平成31年、明けましておめでとうございます。

 平成31年元旦、布施高校の生徒の皆さん、保護者の皆様、そして教職員の方々、明けましておめでとうございます。今年もよろしくお願いします。

 そして布施高校をめざして勉強に励んでいる受験生のみなさん、体調管理は大丈夫ですか?今日は、元旦。今日1日は正月気分を味わってリラックスしましょう。そして、明日からの勉強に向けてエネルギーを貯めましょう。

 さて、私には元旦に行う恒例の"行事゛があります。それは、新聞4紙を買ってきてその社説を読むことです。朝日、読売、毎日、産経という日本のトップレベルの新聞の社説を読むことで、今の世界や日本、そして今年がどんな年になるのかの参考にしています。

 最初に朝日新聞。見出しは、「政治改革30年の先に 権力のあり方を問い直す」ということで、約30年ほど前に始まった小選挙区制について書いている。ご存知のように小選挙区制は、「二大政党制」を生み出す基盤となる選挙制度だが、小選挙区制が導入されたのちの政権交代は、一度のみ。それ以降は、一強多弱状態が続く国会について論説している。

 次は、読売新聞。見出しは「米中対立の試練に立ち向かえ 新時代に適した財政・社会保障に」。現在の世界情勢を米中の覇権争いととらえ、日本の国際社会での地位低下と取るべき道を説いている。欧米がポピュリズムと深刻な分断に悩まされている中で、日本の現状を次のようにとらえているのは、印象的である。

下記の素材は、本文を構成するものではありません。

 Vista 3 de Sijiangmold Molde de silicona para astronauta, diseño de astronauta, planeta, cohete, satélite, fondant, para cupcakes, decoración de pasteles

「日本は幸いにも、社会の極端な分断、極右・極左勢力の台頭、深刻な格差といった、欧米に見られる混乱から免れている。安定した社会を、治安の良さや、教育への熱意、勤勉の尊重といった美点とともに次代に引き継ぎたい」

3番目は毎日新聞。毎日新聞の社説は「次の扉へ AIと民主主義 メカニズムの違いを知る」。AIと民主主義というジャンルの違う概念を論じているのが印象的である。そこでは次のように指摘されていた。「なるほど!」と思わせる示唆である。

「民主主義の価値は試行錯誤を重ねるプロセスである。人間は一人ひとり違うからこそ、対話を続けて集団の共感を維持しようとする。処理の速さと分類を得意とするAIとは根本的にメカニズムが異なる。」

「議論をする。互いに認め合う。結論を受け入れる。リアルな肌触りを省いたら民主主義は後退する。」

最後に産経新聞。論説委員長の「年のはじめに」で「さらば『敗北』の時代よ」と題した論説を掲載した。平成の時代を「敗北の時代」としてとらえ、その原因を①奇跡の経済復興の慢心②30年間に18人の首相が入れ替わる政治の混乱③中国共産党独裁体制への支援をあげた。①、②はすぐさま腑に落ちるが、③は「?」と思わせる内容である。そのあとの説明を読んで、「そういう見方もあるのか・・・」と考えさせられた。

さて、布施高校の生徒の皆さん、今日1日どのように過ごしていますか?「1年の計は元旦にあり」と昔から言われますが、今日はどこかの新聞を読んで、世界や日本や、そしてこれからの社会のことについて、家族や友人と語ってほしいと思います。